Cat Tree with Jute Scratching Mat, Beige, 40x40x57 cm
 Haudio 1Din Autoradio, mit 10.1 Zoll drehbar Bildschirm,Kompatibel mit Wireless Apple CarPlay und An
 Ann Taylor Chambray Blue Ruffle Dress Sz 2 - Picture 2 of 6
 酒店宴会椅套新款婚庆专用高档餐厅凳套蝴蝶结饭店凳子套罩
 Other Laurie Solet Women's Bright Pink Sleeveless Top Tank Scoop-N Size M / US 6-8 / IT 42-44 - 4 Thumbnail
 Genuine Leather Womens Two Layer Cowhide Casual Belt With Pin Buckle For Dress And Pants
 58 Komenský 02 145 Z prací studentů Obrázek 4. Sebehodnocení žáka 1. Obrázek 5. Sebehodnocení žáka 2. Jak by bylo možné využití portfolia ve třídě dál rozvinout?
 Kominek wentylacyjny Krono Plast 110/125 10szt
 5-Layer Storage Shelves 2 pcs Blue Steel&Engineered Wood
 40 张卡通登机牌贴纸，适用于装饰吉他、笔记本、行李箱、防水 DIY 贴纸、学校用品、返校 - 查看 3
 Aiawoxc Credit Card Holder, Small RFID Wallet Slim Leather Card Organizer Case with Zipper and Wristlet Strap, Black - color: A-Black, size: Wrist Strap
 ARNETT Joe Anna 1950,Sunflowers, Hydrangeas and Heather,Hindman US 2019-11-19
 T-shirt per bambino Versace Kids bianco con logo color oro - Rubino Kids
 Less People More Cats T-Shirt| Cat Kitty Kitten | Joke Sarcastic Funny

....................

— Description of the task —
Give the listing again exactly as it appears.

— Worked solution —
Cat Tree with Jute Scratching Mat, Beige, 40x40x57 cm
 Haudio 1Din Autoradio, mit 10.1 Zoll drehbar Bildschirm,Kompatibel mit Wireless Apple CarPlay und An
 Ann Taylor Chambray Blue Ruffle Dress Sz 2 - Picture 2 of 6
 酒店宴会椅套新款婚庆专用高档餐厅凳套蝴蝶结饭店凳子套罩
 Other Laurie Solet Women's Bright Pink Sleeveless Top Tank Scoop-N Size M / US 6-8 / IT 42-44 - 4 Thumbnail
 Genuine Leather Womens Two Layer Cowhide Casual Belt With Pin Buckle For Dress And Pants
 58 Komenský 02 145 Z prací studentů Obrázek 4. Sebehodnocení žáka 1. Obrázek 5. Sebehodnocení žáka 2. Jak by bylo možné využití portfolia ve třídě dál rozvinout?
 Kominek wentylacyjny Krono Plast 110/125 10szt
 5-Layer Storage Shelves 2 pcs Blue Steel&Engineered Wood
 40 张卡通登机牌贴纸，适用于装饰吉他、笔记本、行李箱、防水 DIY 贴纸、学校用品、返校 - 查看 3
 Aiawoxc Credit Card Holder, Small RFID Wallet Slim Leather Card Organizer Case with Zipper and Wristlet Strap, Black - color: A-Black, size: Wrist Strap
 ARNETT Joe Anna 1950,Sunflowers, Hydrangeas and Heather,Hindman US 2019-11-19
 T-shirt per bambino Versace Kids bianco con logo color oro - Rubino Kids
 Less People More Cats T-Shirt| Cat Kitty Kitten | Joke Sarcastic Funny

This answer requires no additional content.